This is a bit like the members of the Manhattan Project saying they didn’t take any responsibility for the atomic bomb being detonated because they just split the atom. One wonders whether any of them will ever have an Oppenheimer moment where they tell themselves, “Now I am become death, the destroyer of speech.” Given that they’re from Berkeley, probably not. After all, they probably view this as having far greater moral impact than the atomic bomb.

Another problem with the “scalable detection” system, unmentioned in the article, is that hate-speech euphemisms can often be reclaimed by those who detest them.
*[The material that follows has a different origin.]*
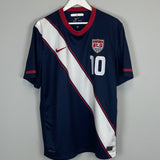Shop 2010/11 USA DONOVAN #10 AWAY SHIRT (XL) NIKE, classic football shirts, vintage football shirts & retro soccer jerseys at Cult Kits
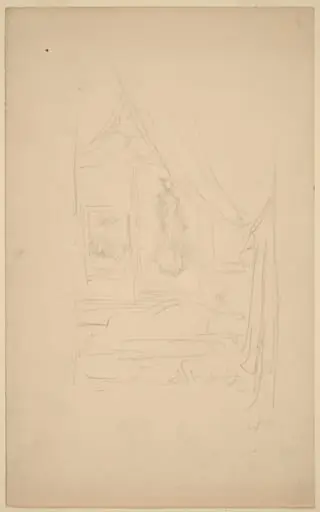 Sketch of Mrs. Godwin's Portrait when hung at the Society of British Artists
One which Twitter or Reddit users might be familiar with is the use of triple-parentheses around Jewish or Jewish-sounding names popularized by members of the alt-right.

The practice was originally used to imply typically rebarbative Jewish conspiracies of power, but soon Jewish social media users — and even non-Jewish social media users looking to make a point about the foolishness of the alt-right and to identify with the targets of anti-Semitic hate — would put the parentheses around their own names.

While we’re unlikely to see something as mephitic as “Shrinky Dinks” reclaimed by the Jewish community, the article doesn’t make it clear just how an instance like the triple-parentheses would be dealt with by the “scalable detection” system, if it could be dealt with at all. In a case like that, it would seem difficult unless the system were to assign different classes of people along the political spectrum a likelihood of committing hate speech — and that’s another problem, provided we can still use the word “problem.”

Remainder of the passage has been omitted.